また、区の契約事業者に対する性的マイノリティーを含めたジェンダー平等等の責務の伝達について、所管部からは従来の別紙の添付よりレベルを上げて、契約書内の特記事項とすることで財務部とも調整中だと伺っていますが、これが掛け声倒れにならないかを懸念しています。この点、条例の趣旨が忠実に履行されるよう丁寧に検討を進め、着実に前進させるよう求め、区の決意を伺います。
最後に、区立施設の管理、運営に当たる指定管理者の職員についても、性の多様性に応じた処遇の平等やハラスメント禁止を徹底させるよう求めます。
区の多様性尊重条例は、性的指向、性自認への差別を禁止しております。また、その差別の禁止には同性カップルへの差別も含まれると区は明確に答弁をしております。ところが、現状では区の指定管理者の多くが、職員の家族に係る人事、給与、福祉厚生制度に同性パートナーを含めず、実質排除しております。また、それぞれのハラスメント禁止規定にも性的指向、性自認の明文化が乏しい状況です。
現在、百八十七の区立施設が三十七の指定管理者により管理されています。このうち、区の外郭団体である六事業者は、処遇の平等とハラスメント禁止の双方で一定の改善があるため、本議論からは除きます。
残る三十一の指定管理者で、職員の人事、給与、福利厚生制度の一部にでも同性パートナーやその親族を対象とした制度を持つものは僅かに三事業者です。残り二十八の事業者に同性カップルの職員への平等はありません。
また、ハラスメント禁止規定に性的指向や性自認を明文化した事業者も五つにとどまり、残り二十六の指定管理者にソジハラスメントの禁止規定はないままです。区は第二次男女共同参画プラン後期計画の課題十二で、性的マイノリティー等多様な性への理解促進と支援を掲げ、取組を推進するためには、企業による理解、協力が欠かせません、就労や働く場、提供するサービスにおいて性的マイノリティーへの公平な扱いや配慮がされるよう進めますと書き、その施策には働きかけまで明記しております。
ならば、区立の施設で働く職員の処遇は、当然、パートナーが同性でも平等であるべきですし、性自認、性的指向でのハラスメント禁止も明示をされなければ、他の区内事業者に対し示しがつかないというものです。
この点、改善に向けて事業者が何をするべきか、対応要領等、事業者の責務に関する下位の規定も整備の上、指定管理者制度運用ガイドラインにも反映させるよう求め、見解を問います。
以上で壇上からの質問を終わります。
◎片桐 生活文化政策部長
私からは、条例の加筆の修正の提案と条例趣旨の契約書への反映の二点について併せてお答えいたします。

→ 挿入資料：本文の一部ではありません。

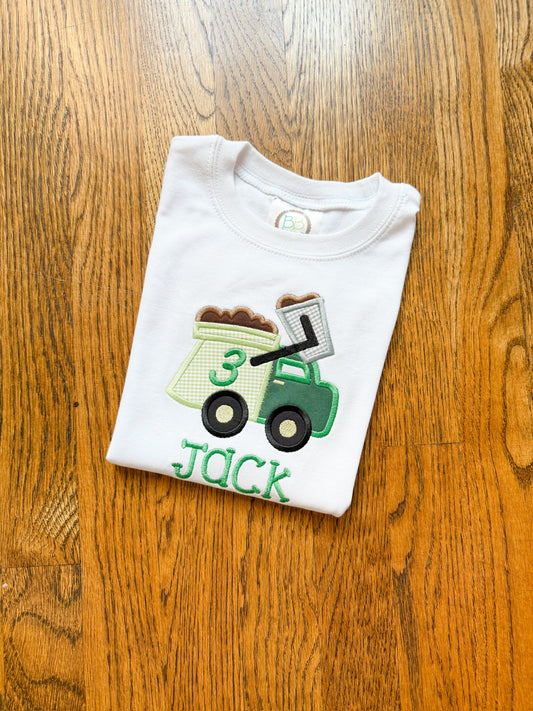 Trash truck birthday applique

多様性を認め合い男女共同参画と多文化共生を推進する条例第六条に規定する、事業者の責務を実効性ある規定とするため、区は、その必要性のみならず、事業者にとって行動に移しやすい具体的な指針や手法、活用できる支援制度を丁寧に示し、働きかけていく役割があると考えております。
現在、区と契約を締結する事業者に対して、契約履行に当たっての留意事項として資料を配付することで、条例全体の周知とともに、第七条、差別の解消等の規定を特に取り上げて啓発を行っております。契約書と併せて交付することによって、幅広い事業者の皆様に履行上の留意事項として認識を深めていただけることが期待できるため、こうした機会を生かし、まずは御提案のとおり、第六条、事業者の責務の規定も盛り込むことで、より実効性を高める取組に着手してまいります。これと並行して、らぷらすや経済産業部と連携し、事業者に対する効果的な働きかけの機会を開拓、充実するとともに、契約書の特記事項についても、契約上の責務として位置づけられるよう内容を精査しつつ、事業者にとってLGBTQを含むジェンダー平等に向けた、誰もが働きやすい職場環境づくりに生かせる指針を設定することができるか、財務部等とも丁寧に検討を進めてまいります。以上です。
◎加賀谷 政策経営部長
私からは、指定管理者制度運用ガイドラインへの対応について御答弁いたします。
区の指定管理施設におきまして、区民の平等で公平な利用を確保し、事業者が安定的な運営を継続するためには、同性パートナーを含めた職員の処遇の平等や性自認、性的指向に係るハラスメント禁止をはじめ、多様性を認め合い男女共同参画と多文化共生を推進する条例にのっとった運営を行うことは大変重要と認識しております。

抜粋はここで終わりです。